On 10 April 2019, the collection of the National Museum in Krakow gained Józef Mehoffer’s another design for the stained glass windows in the Fribourg Cathedral: The St. Sebastian and St. Maurice cartoon, which together with the St. Catherine and St. Barbara cartoon bought last year, form the design of the stained glass window The Martyrs — world-class masterpiece of monumental art, awarded the gold medal at the World’s Fair in Paris in 1900.
The Martyrs is Mehoffer’s first work with such strong Art Nouveau features. One of the most important means of expression is the suggestive, smoothly weaving line, giving shape to colorful decorative motifs, tightly filling the composition. The central scenes in the middle of the stained glass window are filled with the depictions of Christian martyrs from the turn of the third and fourth century, making the heroic decision to refuse to renounce their faith, which equaled to choosing death.

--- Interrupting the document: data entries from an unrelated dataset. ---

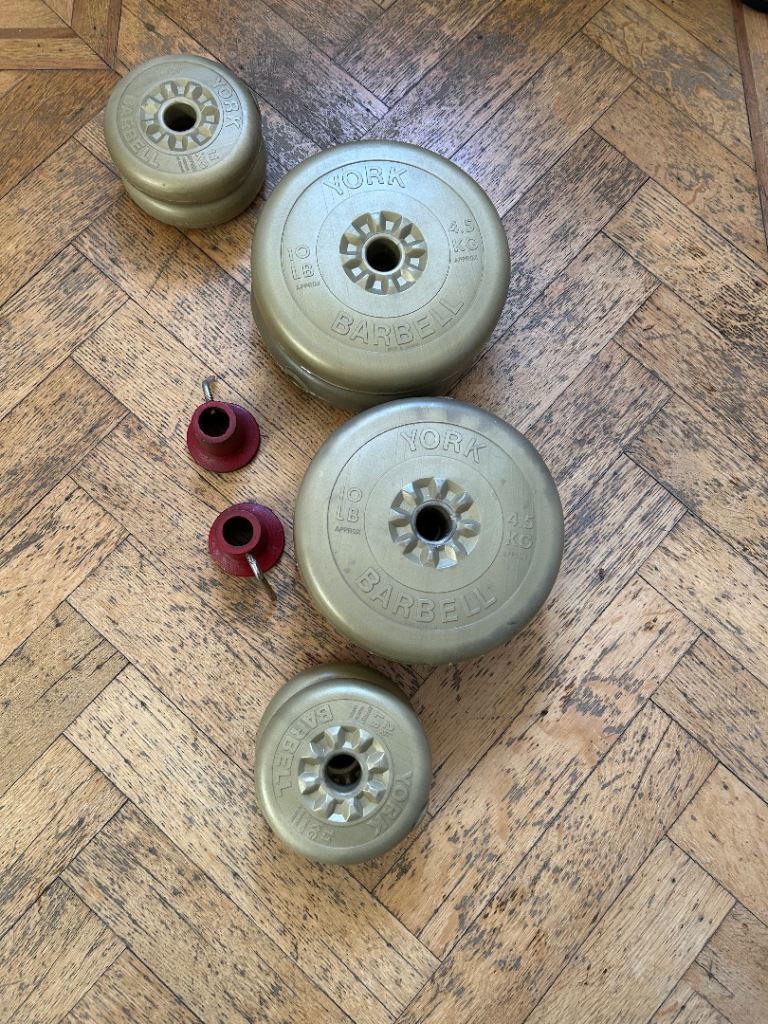 York bar bell weight plates 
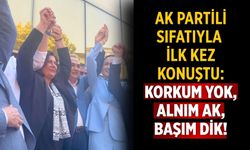 AK Partili sıfatıyla ilk kez konuştu: Korkum yok, alnım ak, başım dik!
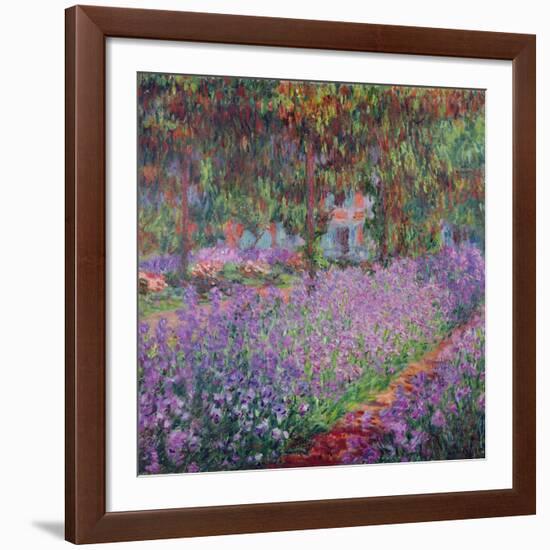 The Artist's Garden At Giverny, c.1900-Claude Monet-Framed Giclee Print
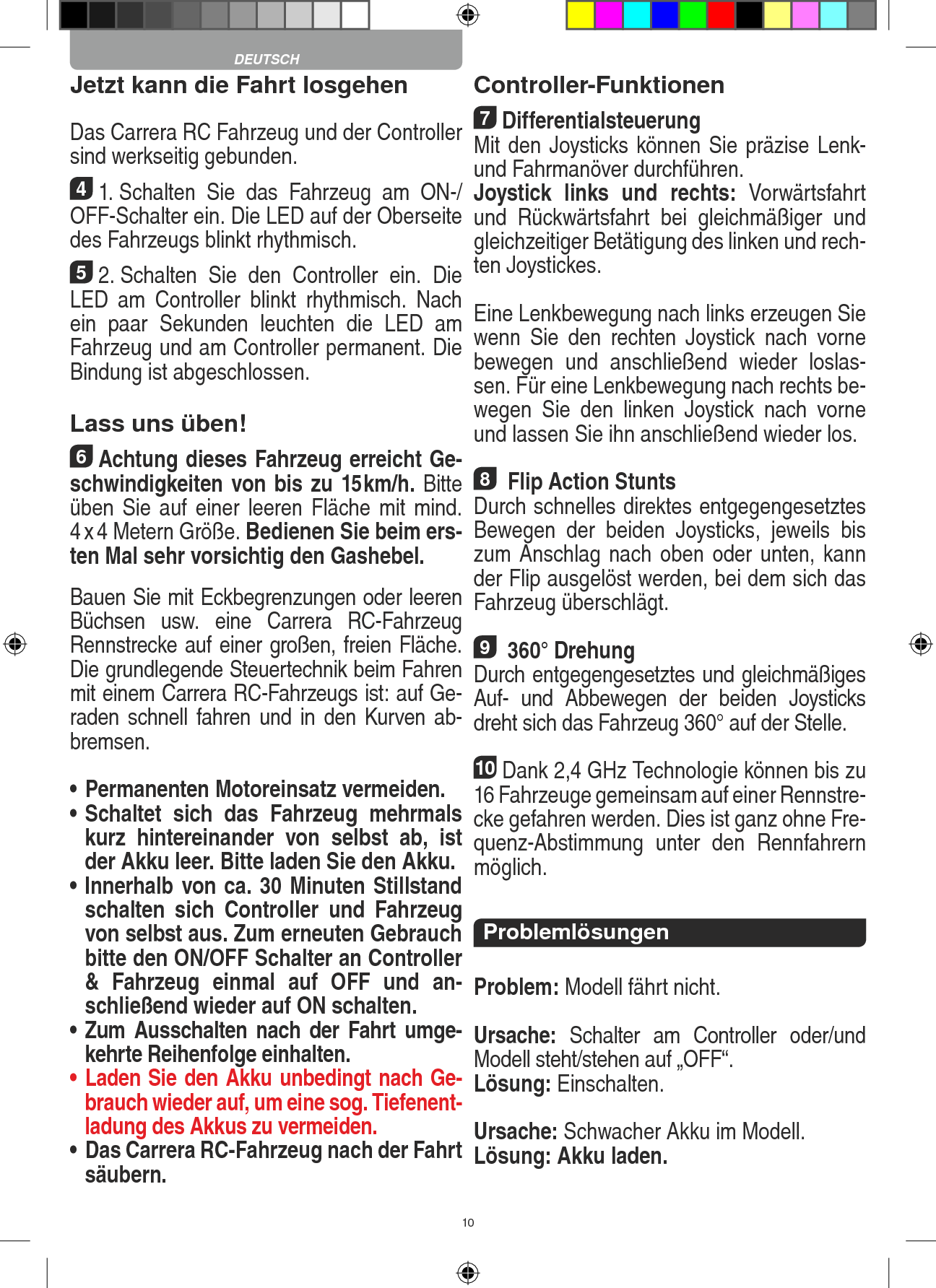 Page 10 of Carrera Toys 370900051 Short Range Device,Radio Controlled Toy Transmit User Manual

On the left side of the St. Sebastian and St. Maurice composition, Mehoffer depicted St. Sebastian – centurion, who he was turned into a living target in a military exercise field. St. Maurice, depicted on the right, was the leader of the Theban Legion, forming part of Emperor Maximilian’s army, heading north through the Alps to fight with the Gauls. The Legion of six thousand men was massacred for refusing to worship pagan deities.
The bottom part of the stained glass window, showing the saints at the moment of death among exaggerated branchy orchids, forms a whole with the images in the central part. Figures of women, emerging from a thicket of flowers lean over the martyrs’ naked bodies. Perhaps they are personifications of the idea of Thanatos, which was very important in the art of symbolism.